Uma concisa descrição geográfica e hidrográfica

Natural de Lisboa, onde nasceu em 1700, João Bautista de Castro seguiu a carreira eclesiástica, sendo ordenado presbítero em 1734. Viveu em Roma vários anos e, em 1755, faleceu em Lisboa. Escritor polifacetado, publicou diversas obras em prosa e em verso sobre temáticas variadas, algumas com o seu próprio nome, outras usando o anagrama de Custódio Jesão Barata. Entre elas destaca-se o Mappa de Portugal, obra em 4 volumes, cuja 1ª edição foi dada à estampa em Lisboa na Officina de Miguel Manescal da Costa, em 1745. A obra, dedicada ao Cardeal da Cunha, Inquisidor Geral de Portugal, conheceu várias edições e granjeou ao seu autor lugar de destaque na época.

Pela diversidade dos assuntos que abordavam e pela síntese e precisão das informações que continham, eram os Mappas obras geográficas entre as corografias e os dicionários. No prólogo da 1ª edição explica João Bautista de Castro os motivos que o lançaram na escrita desta sua abordagem sintética à geografia de Portugal : « (…) o meu intento foy querer sucintamente reduzir a breve Mappa as principais partes, que organizão o todo de Portugal ; porque sendo o conhecimento do nosso Reino, e a intelligencia da sua Historia a que mais nos compete, e importa saber, achando-se toda ella desmenbrada, ou separadamente inclusa em hum grande numero de volumes, para cuja lição se necessita de muito tempo, e trabalho, persuadi-me que facilmente com este opportuno resumo communicaria à minha memória sufficiente instrucção de tantas especies precisas». No prefácio da 2ª edição, Bautista de Castro aponta duas outras razões que o levaram à escrita desta obra : “não só instruir aos nacionaes principiantes”, mas principalmente, “para informar com individuação sincera aos estrangeiros do estado verdadeiro do nosso Pais ; considerando que só assim poderíamos atalhar nos contínuos erros, e descuidos, que se observam ainda nos autores modernos, que sem conhecimento das nossas terras chegam a falar de Portugal». É sobre as informações contidas no primeiro volume do Mappa de Portugal, na sua 1º edição de 1745, que se irão centrar as reflexões que se seguem. 
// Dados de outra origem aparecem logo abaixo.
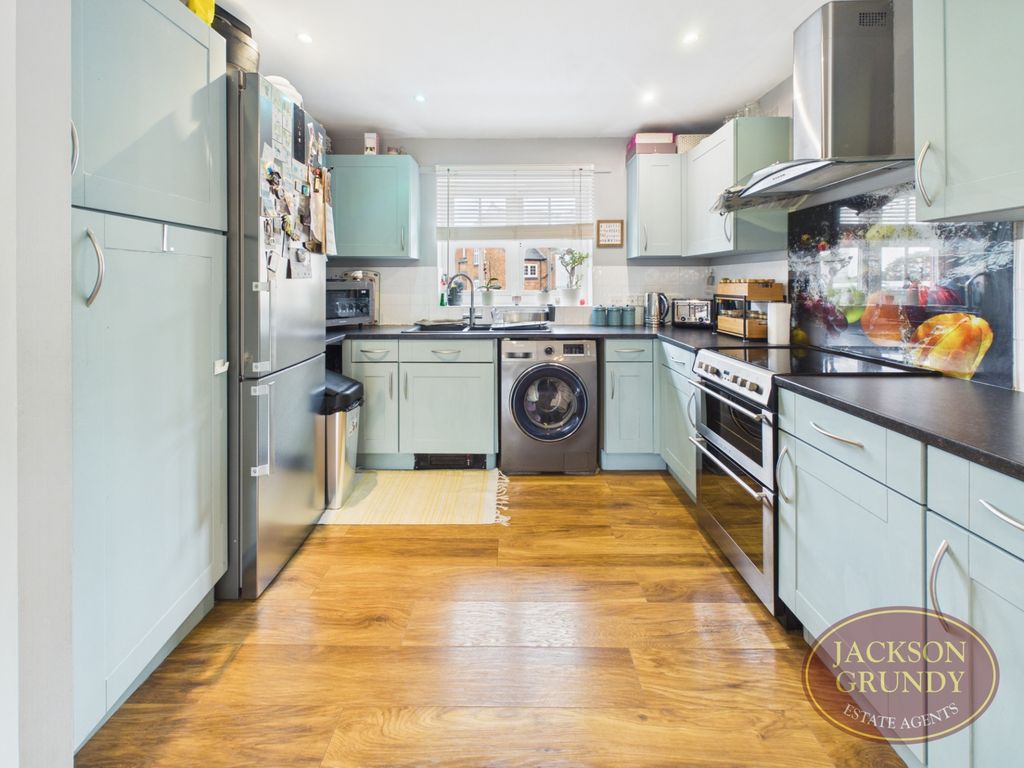 Property photo 3 of 10 St Andrews Court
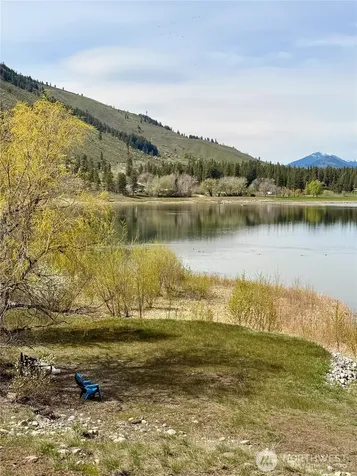 132 Twin Lakes Road Winthrop WA 98862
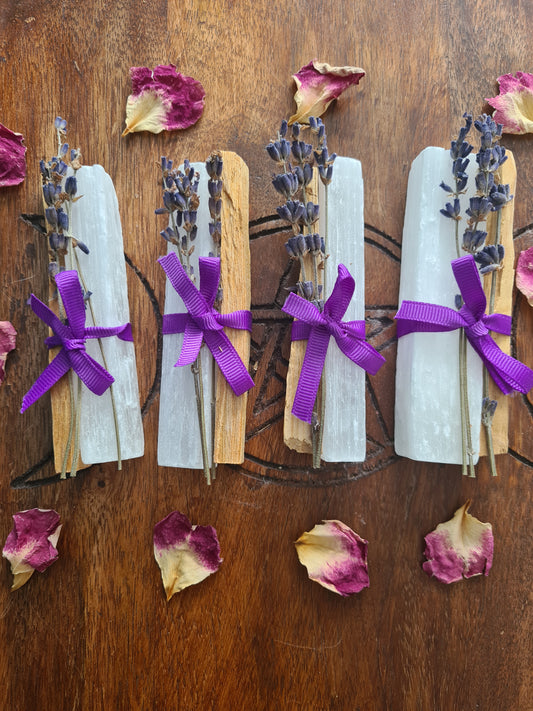 Cleansing Bundles - Selenite Wand Stick and Palo Santo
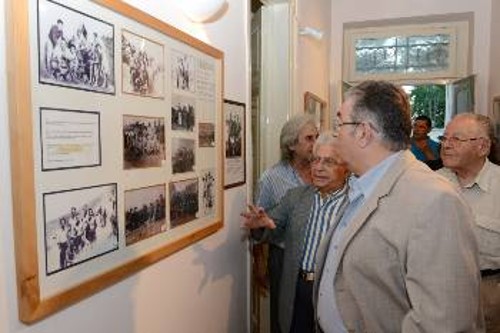 Από την ξενάγηση του Δ. Κουτσούμπα στο χώρο του Μουσείου Μακρονήσου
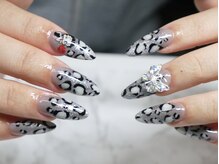 レイジースワン/スカルプ150分アート￥11550～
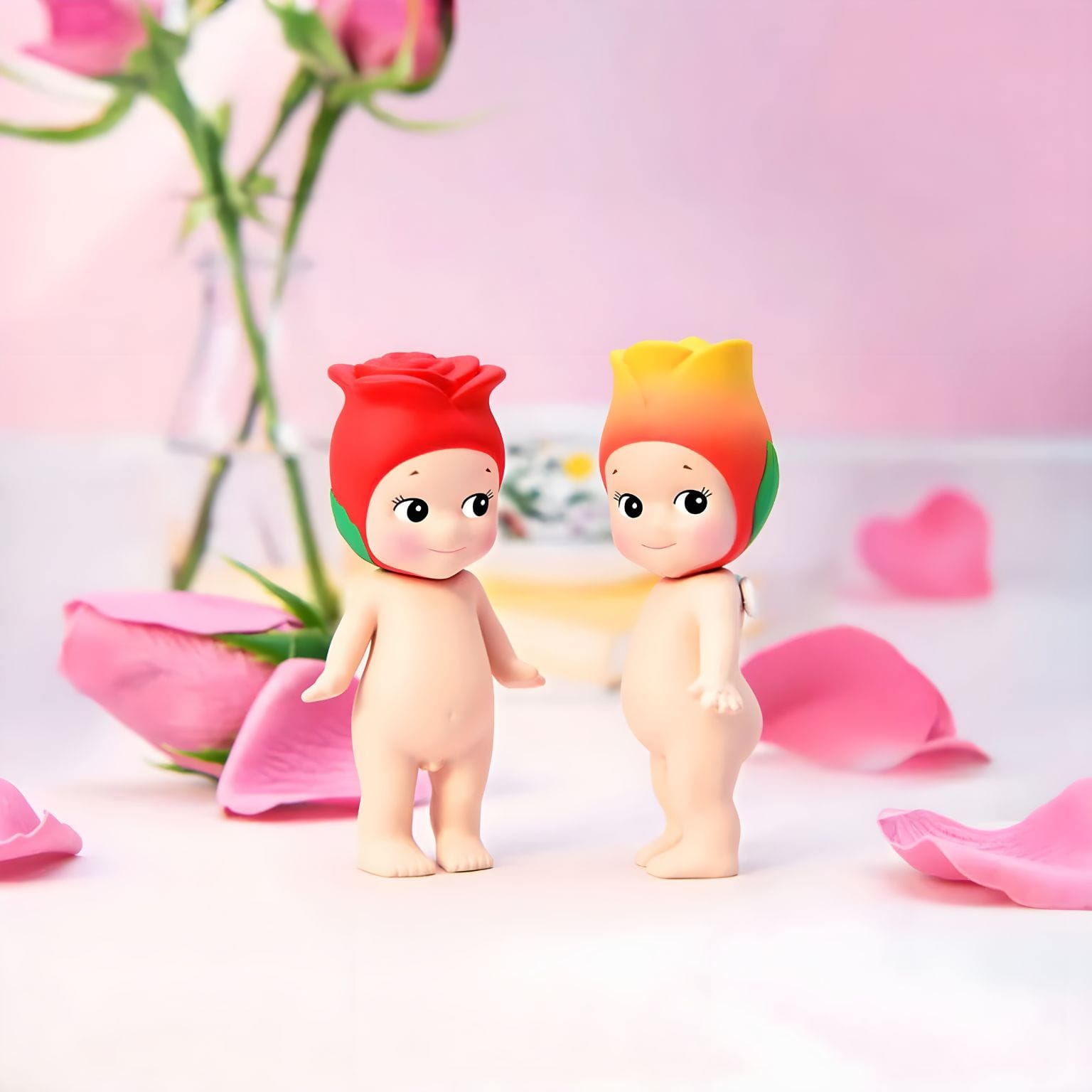 Sonny Angel série Flores com personagens florais coloridas e caixa surpresa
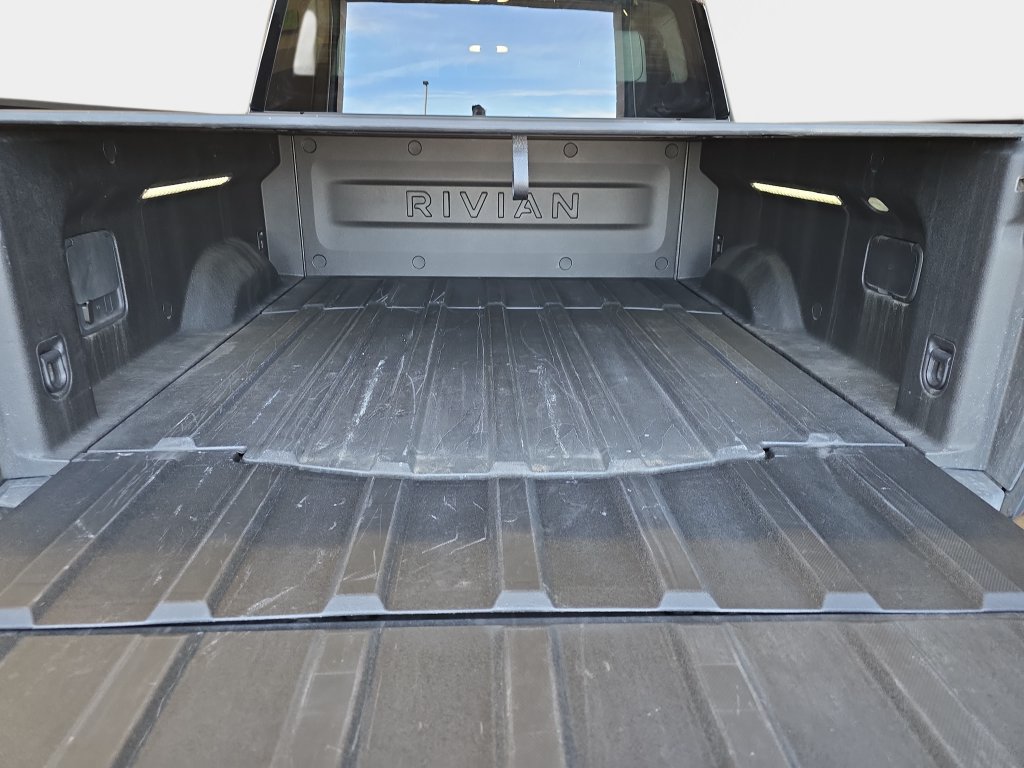 Used 2022 Rivian R1T Adventure AWD/4WD image 14
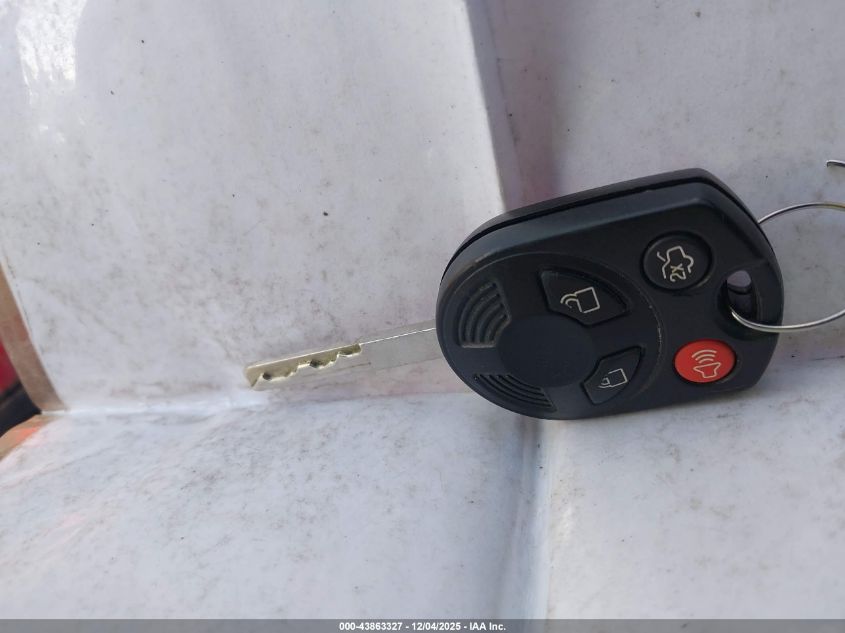 2015 Ford Escape Se VIN: 1FMCU0GXXFUC64070 Lot: 43863327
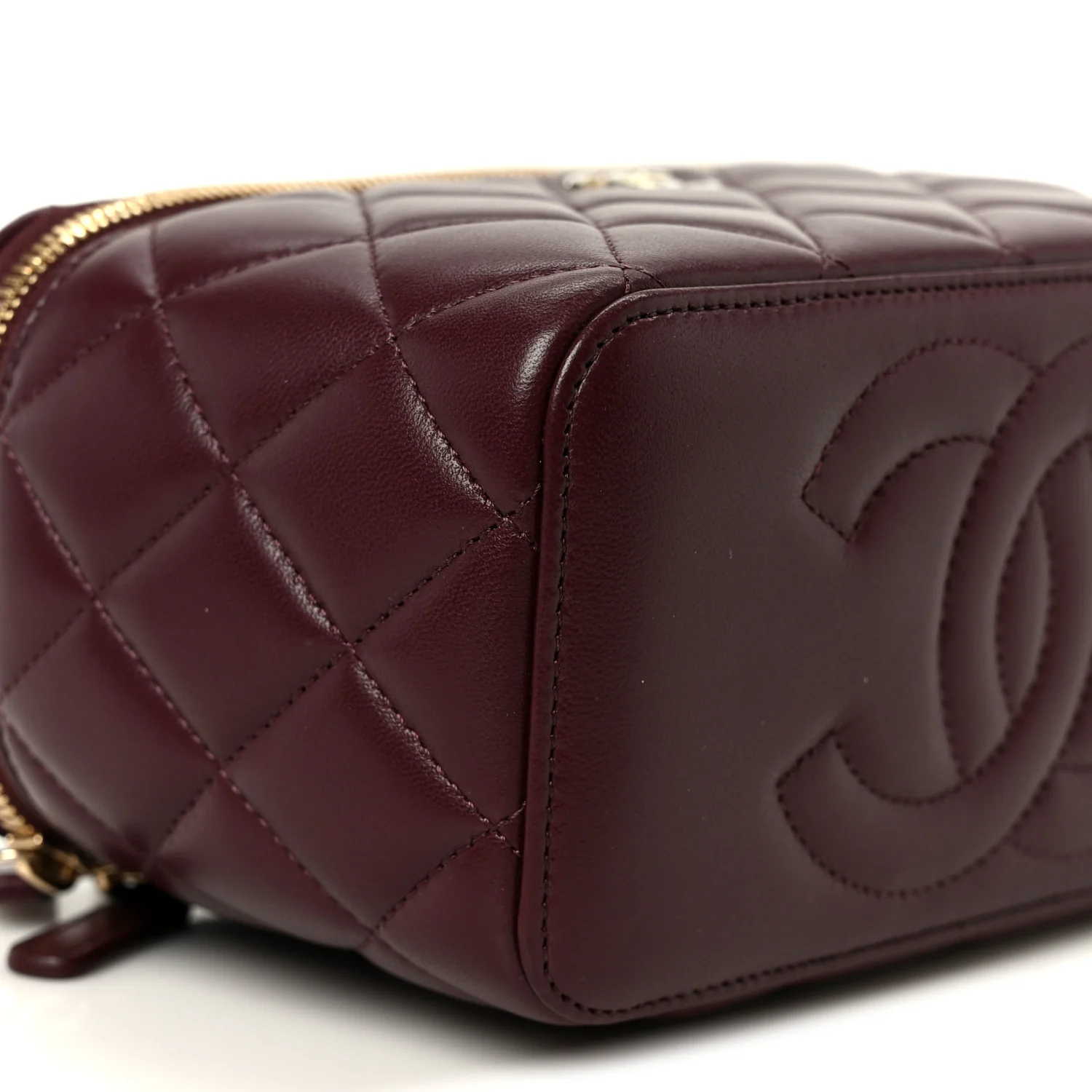 Lambskin Quilted Small Top Handle Vanity Case With Chain Burgundy - Top Club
Esclarece o autor ser a matéria deste 1º volume «huma concisa descripção Geografica, e Hydrografica de todo o Reino», e esclarece a orientação metodológica que o norteou : « Para isto me vali não só de Escritores nacionaes, mas ainda estranhos, accrescentando, diminuindo, e illustrando o que achey ser conveniente em beneficio do adorno, clareza, e verdade”. Esta concisa descrição geográfica e hidrográfica de todo o Reino seria o primeiro passo na tarefa fundamental que o autor se propunha realizar : «reduzir a breve Mappa as principaes partes que organizam o todo de Portugal».
Por esta época, e por motivações que se prendiam com uma boa «administração da justiça», o território português encontrava-se dividido em seis áreas territoriais com a designação de Províncias. Uma hierarquia de espaços e funções articulava diferentes unidades em cada uma destas seis divisões. 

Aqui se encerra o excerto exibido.